Bermimpi adalah kegiatan yang sangat penting untuk pencapaian hidup. Apapun hal yang akan kita lakukan, entah itu mengawali sebuah usaha, pekerjaan ataupun kegiatan lain yang kita harapkan hasilnya, bermimpilah tentang hal tersebut. Bermimpilah bahwa kita telah mengalami sebuah hasil dari yang akan kita lakukan. Namun, bermimpi saja tidaklah cukup, mimpi-mimpi yang tidak dtuangkan tidak akan membuahkan hasil. Bergeraklah, langkah ke-1000 dimulai dari langkah pertama.
Atas dasar itulah saya selalu berusaha agar mimpi saya tercapai.
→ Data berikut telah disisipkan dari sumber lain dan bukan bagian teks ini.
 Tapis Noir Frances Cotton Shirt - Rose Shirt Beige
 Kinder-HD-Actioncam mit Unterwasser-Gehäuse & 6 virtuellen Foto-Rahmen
Saya tancapkan kuat-kuat niat saya untuk menggapai mimpi tersebut. Saya konversikan niat tersebut dalam bentuk tulisan dan saya teriakkan dengan lantang bahwa saya pasti bisa menggapainya. Cara termudah untuk menjalankan niat itu adalah dengan belajar. Kapanpun dan dimanapun kita bisa belajar, belajarlah. Dan untungnya setelah saya lulus dari perguruan tinggi, saya bekerja di perusahaan yang giat melakukan training, ASTRA –Asal Senggang, TRAining.
Jalan untuk menggapai mimpi tidaklah selalu mulus. Seringkali kita menemui kegagalan yang bisa membuat kita patah semangat untuk menggapai mimpi. Faktor internal dan eksternal yang menjadi biang di balik kegagalan itu. Malas, takut, tidak beruntung, bencana alam, ataupun faktor x lainnya adalah contoh kecil yang bisa menunjukkan bahwa untuk menggapai sesuatu yang kita harapkan tidaklah mudah. Tapi yang perlu kita ingat adalah kegagalan bukan untuk ditangisi karena kegagalan adalah harga yang harus dibayar untuk kesuksesan yang ingin kita dapatkan.
Jadi tidak ada alasan untuk tidak bermimpi. Bermimpilah! Karena mimpi akan membentuk sebuah sikap yang optimis dan memotivasi diri mewujudkan apa yang kita impikan. Dan seperti kata Arai dalam Sang Pemimpi, “Orang macem kite nih harus bisa bermimpi, kalo tak bermimpi kite kan mati”.

21:02, 22.12.2009
assa.
tambahan tu, yg penting bukan seberapa besar mimpi kita, tapi seberapa besar kita untuk mimpi kita tersebut..
wass.
22:38, 22.12.2009
@riecong, quote itu juga udah gw tulis ko. Ada di kalimat terakhir paragraf ke-2
20:10, 29.12.2009
Yapz…Mimpi Itu seperti doa yang senantiasa didengarkan oleh Allah.. Aku setuju bgt sm “riecong n kutipan di film sang pemimpi”.. Usaha+doa+restu orang tua itu yang penting buat menggapai mimpi.
Oya…ttg mimpi kakak yang pertama, aku juga punya kutipan kata2 bijak dr buku yg penah aku baca, kalo ga salah isinya kyk gini “if u would not be 4gotten as soon as u are dead, write things worth reading, or do things worth writing”
Ya..semoga ilmu, pengalaman hidup, dsb bisa dtuangkan dalam sebuah buku agar kita bisa diingat oleh orang2 di dunia selama kita masih hidup dan trus diingat sampai akhir hayat..
Dua Kata buat Kaka ” Semangat dan Lanjutkan!!”